● **Data excerpt**:
<<<<

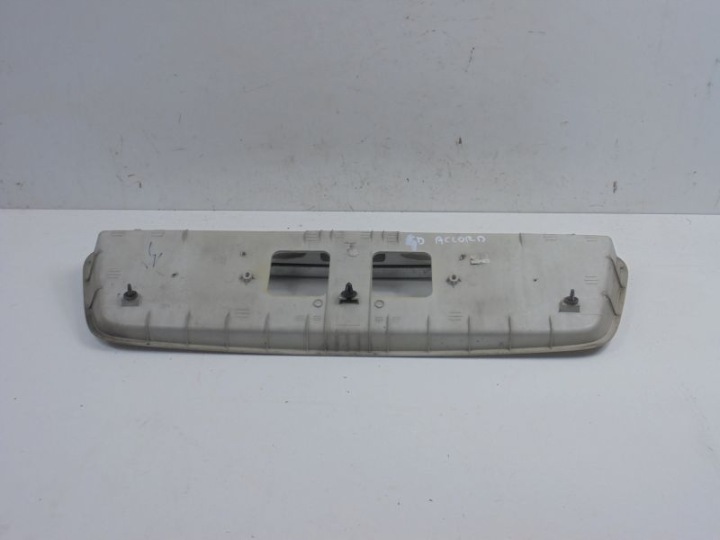 фото №6, Honda accord vi cl накладка молдинг крышки sedan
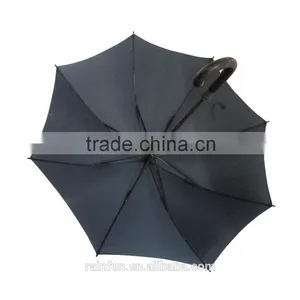 Outdoor Long Handle Automatic Umbrella thumbnail-3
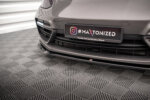 Maxton prednji splitter V.2 za Porsche Panamera Turbo S E-Hybrid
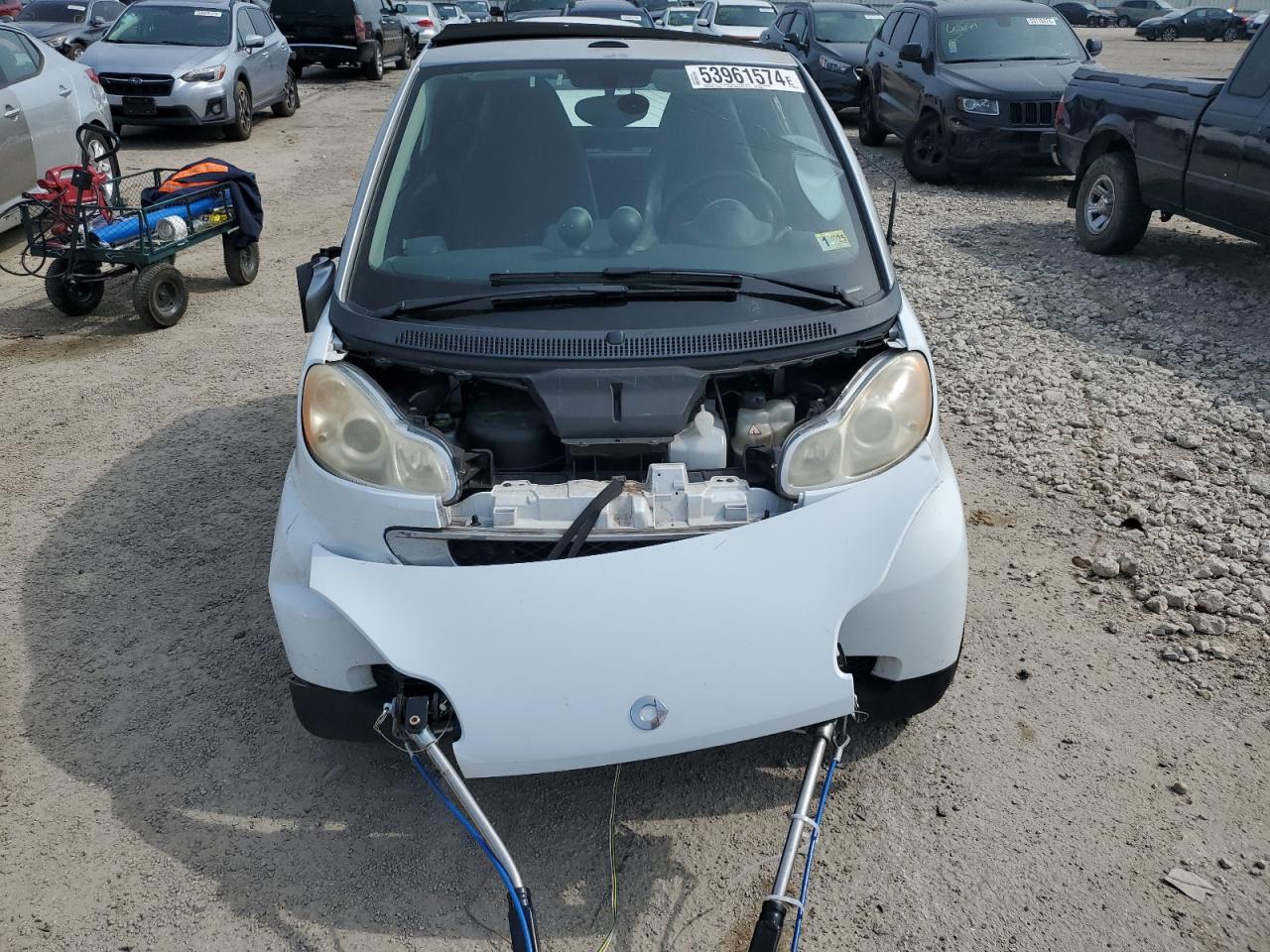 WMEEK31X08K146090 2008 Smart Fortwo Passion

>>>>

Take the line containing "Maxton prednji splitter" through the last line of the material and retype exactly those lines, both ends included, with no pictures.

 Maxton prednji splitter V.2 za Porsche Panamera Turbo S E-Hybrid
 WMEEK31X08K146090 2008 Smart Fortwo Passion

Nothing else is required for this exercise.